FEDERAL COURT OF AUSTRALIA

TJ (on behalf of the Yindjibarndi People) v State of Western Australia (No 4) [2016] FCA 231

File number:

WAD 6005 of 2003

Judge:

MCKERRACHER J

Date of judgment:

9 March 2016

Catchwords:

PRACTICE AND PROCEDURE - whether subpoena oppressive – whether narrowed subpoena oppressive – number of documents required to be produced pursuant to subpoena – amount of time for compliance with subpoena – age and location of documents required to be produced pursuant to subpoena

PRACTICE AND PROCEDURE – non-party access to documents produced pursuant to subpoena – whether advantageous to non-party – primary objective to ensure efficient resolution of dispute

PRACTICE AND PROCEDURE – legal professional privilege – application of principles – dominant purpose test – communication between solicitors and proposed expert witness

Legislation:

Federal Court Rules 2011 (Cth) r 24.15

Cases cited:

Australian Competition & Consumer Commission v Shell Co of Australia Ltd (1999) 161 ALR 686

Construction, Forestry, Mining and Energy Union v BHP Coal Pty Ltd (No 3) [2012] FCA 61

Esso Australia Resources Ltd v Federal Commissioner of Taxation (1999) 201 CLR 49

Fair Work Ombudsman v Lifestyle SA Pty Ltd (No 2) [2014] FCA 1152

Goldie v Getley (No 2) [2010] WASC 66

Southern Equities Corporation Ltd v West Australian Government Holdings Ltd (1993) 10 WAR 1

Trade Practices Commission v Sterling (1979) 36 FLR 244

Date of hearing:

4 March 2016

Registry:

Western Australia

Division:

General Division

National Practice Area:

Native Title

Category:

Catchwords

Number of paragraphs:

20

Counsel for the Yindjibarndi Applicant:

Mr G Irving and Mr J Edwards

Solicitor for the Yindjibarndi Applicant:

Yindjibarndi Aboriginal Corporation

Counsel for the Wintawari Guruma Aboriginal Corporation and Castledine Gregory Interested Parties:

Ms H Millar

Solicitor for the Wintawari Guruma Aboriginal Corporation and Castledine Gregory Interested Parties:

Castledine Gregory

Counsel for the Interlocutory Applicant:

Mr R Rowick

Solicitor for the Interlocutory Applicant:

Richard Rowick Lawyers

Counsel for the State of Western Australia:

Mr M Pudovskis

Solicitor for the State of Western Australia:

State Solicitor’s Office

ORDERS

WAD 6005 of 2003

BETWEEN:

TJ (ON BEHALF OF THE YINDJIBARNDI PEOPLE) AND OTHERS (AS PER SCHEDULE)

Applicant

AND:

STATE OF WESTERN AUSTRALIA AND OTHERS (AS PER SCHEDULE)

Respondent

JUDGE:

MCKERRACHER J

DATE OF ORDER:

4 MARCH 2016

THE COURT ORDERS THAT:

1.    Pursuant to rule 24.15 of the Federal Court Rules 2011 (Cth), the following subpoenas issued by the Applicant to WAD 6005 of 2003 be set aside:

(a)    the subpoena addressed to Edward M McDonald on 12 February 2016; and

(b)    the updated subpoena addressed to Edward M McDonald on 24 February 2016.

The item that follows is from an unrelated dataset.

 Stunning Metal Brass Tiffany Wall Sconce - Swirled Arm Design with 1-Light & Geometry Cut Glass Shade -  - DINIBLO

2.    The applicant is to pay Dr McDonald’s costs of and incidental to the application to set aside.

3.    All parties and Eastern Guruma be granted access to all documents produced by subpoenas issued by the Applicant to WAD 6005 of 2003 in connection with the interlocutory hearing before Rares J on 8 and 9 March 2016.

Note:    Entry of orders is dealt with in Rule 39.32 of the Federal Court Rules 2011.

REASONS FOR JUDGMENT

MCKERRACHER J:

1    On the afternoon before both a strike out application and a joinder application were due to commence before Justice Rares, albeit that there was a long weekend intervening, the parties required a number of urgent interlocutory matters to be addressed. I made rulings in relation to those matters. These are my reasons.

SUBPOENA

2    By interlocutory application, filed on 29 February 2016, Dr Edward McDonald sought orders that a subpoena addressed to him on 12 February 2016 and an updated subpoena addressed to him on 24 February 2016 be set aside on the ground of oppression. The subpoena initially required production of the documents in the list annexed to these reasons. But, as correctly pointed out by Mr Edwards, counsel for the applicant, through a process of conferral the number of documents requested was reduced. Putting aside for a moment the process by which amendment of the Court’s subpoena was sought to be achieved by a party, the more substantive issue was that it was contended by Dr McDonald that the subpoena was oppressive.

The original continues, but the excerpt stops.